Updated Jul 16, 2014 - 8:27 am
T.J. Warren's instincts, scoring lead Suns past Philadelphia
A backdoor baseline cut for two, putback dunk, finger roll layup and breakaway score followed before another tip-in, this time off a missed free throw, was added to complete the 12-point second quarter performance.
Oh, and T.J. Warren did it all in less than five minutes and with a bandage to hide the four stitches he received over his right eye the game before.
"I got used it," he said of the added accessory thanks to the errant elbow of the Milwaukee Bucks' Johnny O'Bryant. "In the beginning it was kind of tough trying to get used to it, but as I kept running it became a little bit easier for me to play with it."
Warren, a Suns' first-round pick in June, drafted 14th overall, scored a game-high 28 points, one of five players in double figures in a 97-88 win over the Philadelphia 76ers at Cox Pavilion on Tuesday.
"Well, my teammates," he said, "they do a great job of finding me in transition. So, me just running the floor very hard and just having that knack to finish in transition. In the half court, the ball just happens to just fall around and I just pick it up and put it back in. It's just finding my sweet spots really."
The win improved the Suns to 2-1 in the preliminary round games, earning the No. 9 seed in the tournament-style format to crown the Las Vegas Summer League Champion.

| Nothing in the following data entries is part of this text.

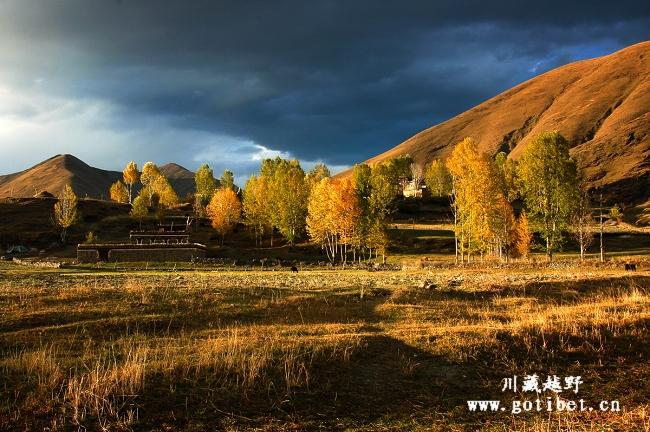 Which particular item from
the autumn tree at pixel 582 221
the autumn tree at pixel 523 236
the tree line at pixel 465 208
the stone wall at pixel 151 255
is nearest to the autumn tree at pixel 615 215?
the tree line at pixel 465 208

They'll play Minnesota, the No. 24 seed, at 1 p.m. on Wednesday.
Warren used his 6-foot-8 athletic frame and strength to score nine of his points off six offensive rebounds. He finished with 11 boards, joining Miles Plumlee (15 points and 11 rebounds) with double-doubles.
"We knew what we were getting when we drafted him. He's a scorer," head coach Mike Longabardi said of Warren. "He's got it down, that mid-range (jumper). He's got a good instinct for the ball."

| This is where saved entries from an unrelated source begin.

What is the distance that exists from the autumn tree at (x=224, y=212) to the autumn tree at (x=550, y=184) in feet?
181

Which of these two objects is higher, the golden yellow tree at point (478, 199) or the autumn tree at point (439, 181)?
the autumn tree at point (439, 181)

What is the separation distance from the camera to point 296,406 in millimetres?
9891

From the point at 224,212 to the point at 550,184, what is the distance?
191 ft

Archie Goodwin and Dionte Christmas, who hit four of his six three-point attempts, each added 15 while Seth Curry chipped in 10 points.
Tyler Ennis matched his assist output in the first two games combined with five though he had four turnovers, which Longabardi chalked up to fatigue.
"I left Tyler there in the end because I feel comfortable when he has the ball," he said.
Warren, the nation's third-leading scorer with 24.9 points per game his sophomore season at North Carolina State, has totaled 54 points in 63 minutes.
"The up-style tempo really fits my game, just running very hard," he said. "I've just got to build off this and keep winning."